§ MATERIAL FOR THE TASK
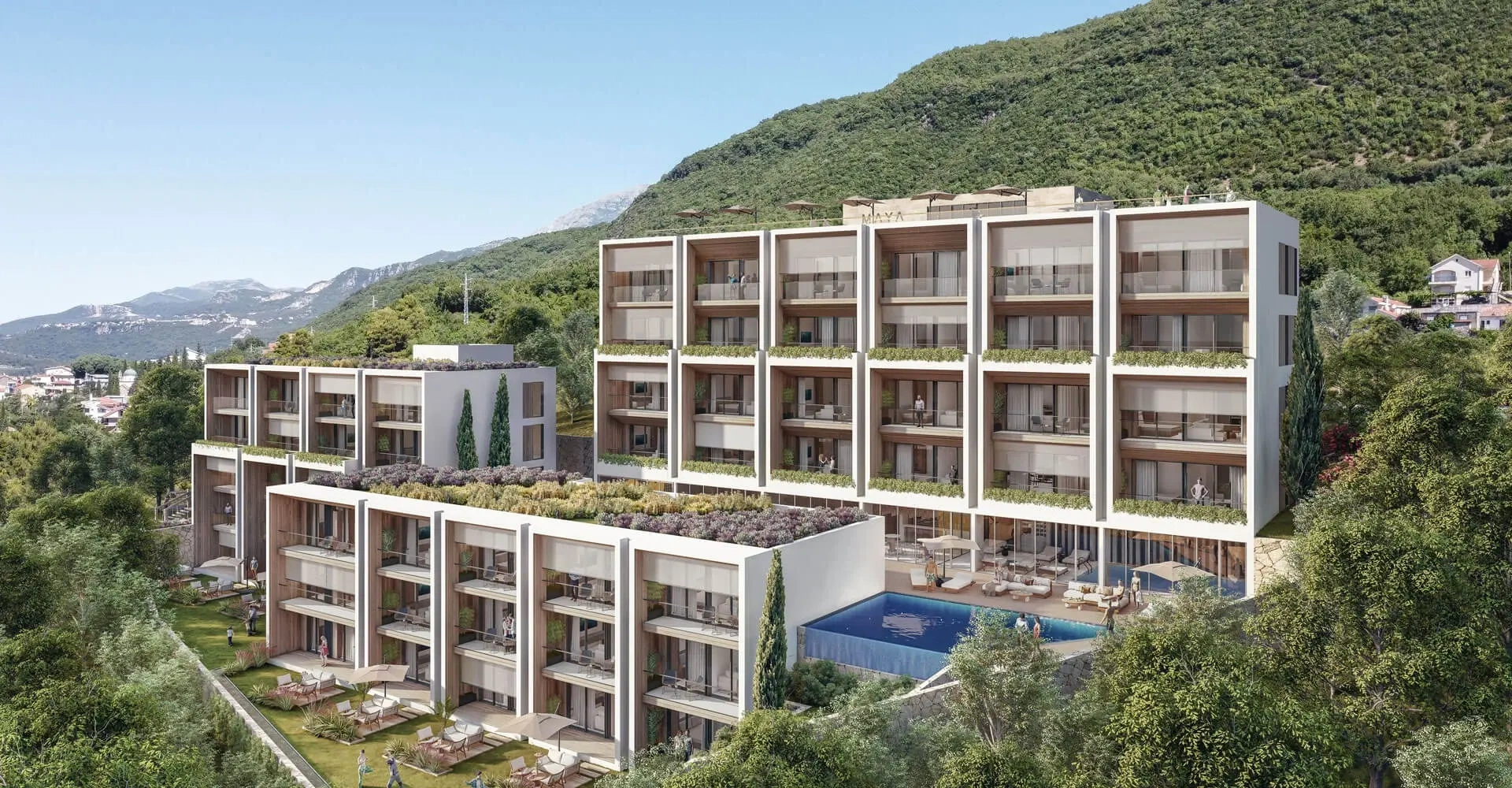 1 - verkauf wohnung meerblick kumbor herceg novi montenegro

--

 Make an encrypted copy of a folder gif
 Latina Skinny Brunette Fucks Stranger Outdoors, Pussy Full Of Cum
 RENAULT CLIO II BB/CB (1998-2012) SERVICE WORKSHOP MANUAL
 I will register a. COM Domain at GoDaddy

§ WORK INSTRUCTIONS
Write out only the lines that run from the line containing "Make an encrypted copy of a folder gif" through the line containing "I will register a. COM Domain at GoDaddy", both included, exactly as they appear above.

§ ANSWER TO THIS PROBLEM
 Make an encrypted copy of a folder gif
 Latina Skinny Brunette Fucks Stranger Outdoors, Pussy Full Of Cum
 RENAULT CLIO II BB/CB (1998-2012) SERVICE WORKSHOP MANUAL
 I will register a. COM Domain at GoDaddy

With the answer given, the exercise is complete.